La Cour note par ailleurs que le traitement des adresses IP doit également respecter la directive 2002/58 (§ 113). En effet, la CJUE fait référence à sa décision La Quadrature du Net (CJUE 6 oct. 2020, aff. C-511/18, C-512/18 et C-520/18, Dalloz actualité, 13 oct. 2020, obs. C. Crichton ; AJDA 2020. 1880 ; D. 2021. 406, et les obs. , note M. Lassalle ; ibid. 2020. 2262, obs. J. Larrieu, C. Le Stanc et P. Tréfigny ; AJ pénal 2020. 531 ; Dalloz IP/IT 2021. 46, obs. E. Daoud, I. Bello et O. Pecriaux ; Légipresse 2020. 671, étude W. Maxwell ; ibid. 2021. 240, étude N. Mallet-Poujol ; RTD eur. 2021. 175, obs. B. Bertrand ; ibid. 181, obs. B. Bertrand ) pour affirmer que cette directive « concrétis[e], pour les utilisateurs des moyens de communications électroniques, les droits fondamentaux au respect de la vie privée et à la protection des données à caractère personnel » (§ 118).
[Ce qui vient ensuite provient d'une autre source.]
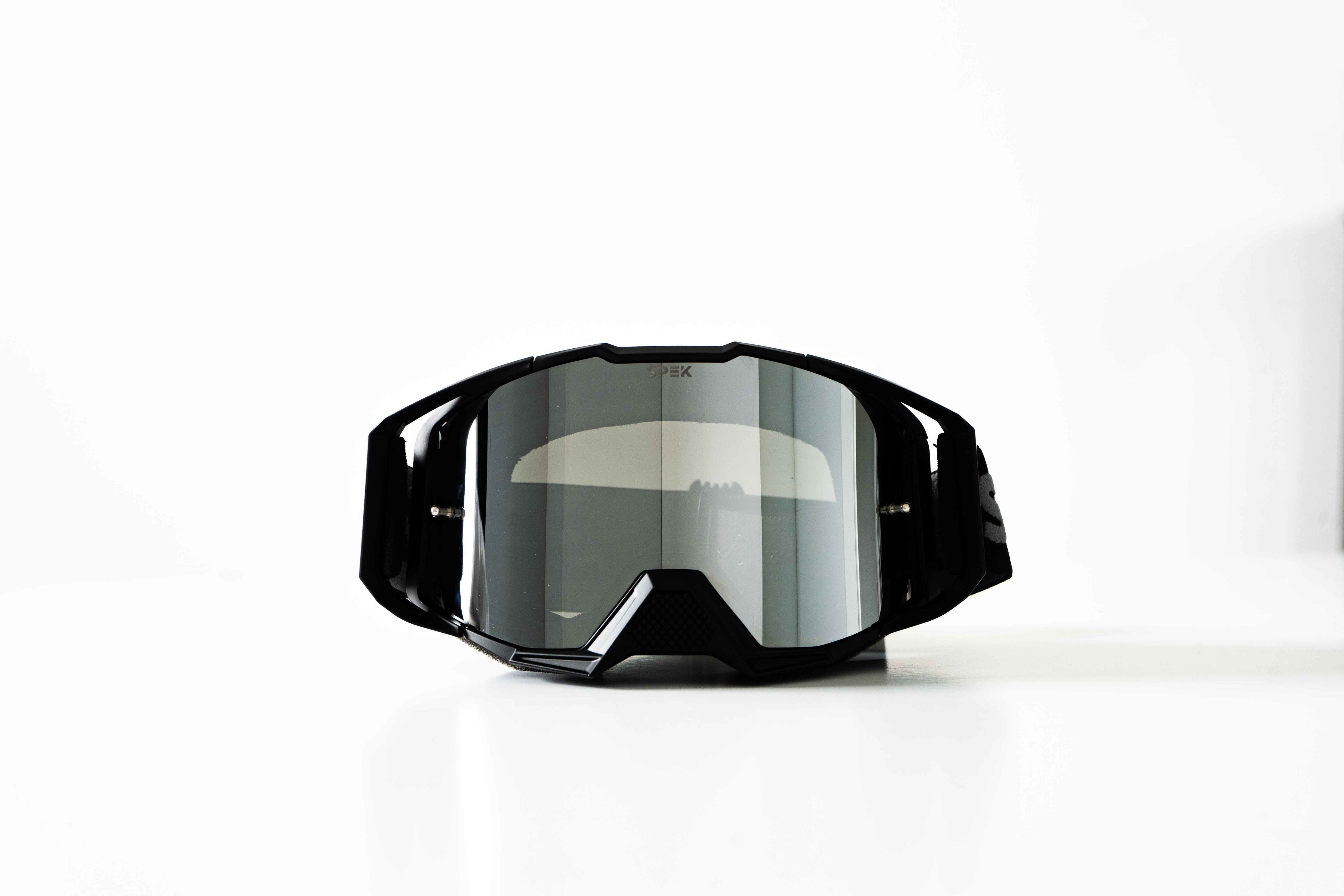 Lunette de motocross noir avec lentille chrome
Or l’article 15(1) de la directive 2002/58 énonce que, pour prévenir ou poursuivre les utilisations non autorisées du système de communications électroniques, les États membres peuvent adopter des mesures législatives prévoyant la conservation de données pendant une durée limitée.

La Cour considère finalement que l’article 6(1)(f) du RGPD ne s’oppose « ni à l’enregistrement systématique, par le titulaire de droits de propriété intellectuelle ainsi que par un tiers pour son compte, d’adresses IP d’utilisateurs de réseaux de pair à pair (peer-to-peer) dont les connexions internet ont été prétendument utilisées dans des activités contrefaisantes ni à la communication des noms et des adresses postales de ces utilisateurs à ce titulaire ou à un tiers afin de lui permettre d’introduire un recours en indemnisation devant une juridiction civile pour un dommage prétendument causé par lesdits utilisateurs, à condition toutefois que les initiatives et les demandes en ce sens dudit titulaire ou d’un tel tiers soient justifiées, proportionnées et non abusives et trouvent leur fondement juridique dans une mesure législative nationale, au sens de l’article 15, paragraphe 1, de la directive 2002/58 » (§ 132).

Cette décision donne des indications importantes sur l’équilibre que le juge national doit rechercher entre protection des droits de propriété intellectuelle et protections des données à caractère personnel des internautes. Elle est bienvenue dans le cadre de la mise en œuvre de la nouvelle directive (UE) 2019/790 du 17 avril 2019 sur le droit d’auteur et les droits voisins dans le marché unique numérique (dite « DAMUN ») puisque ce nouveau texte prévoit explicitement, dans son article 28, que « le traitement des données à caractère personnel effectué dans le cadre de la présente directive est effectué dans le respect de la directive 2002/58/CE et du règlement (UE) 2016/679 ».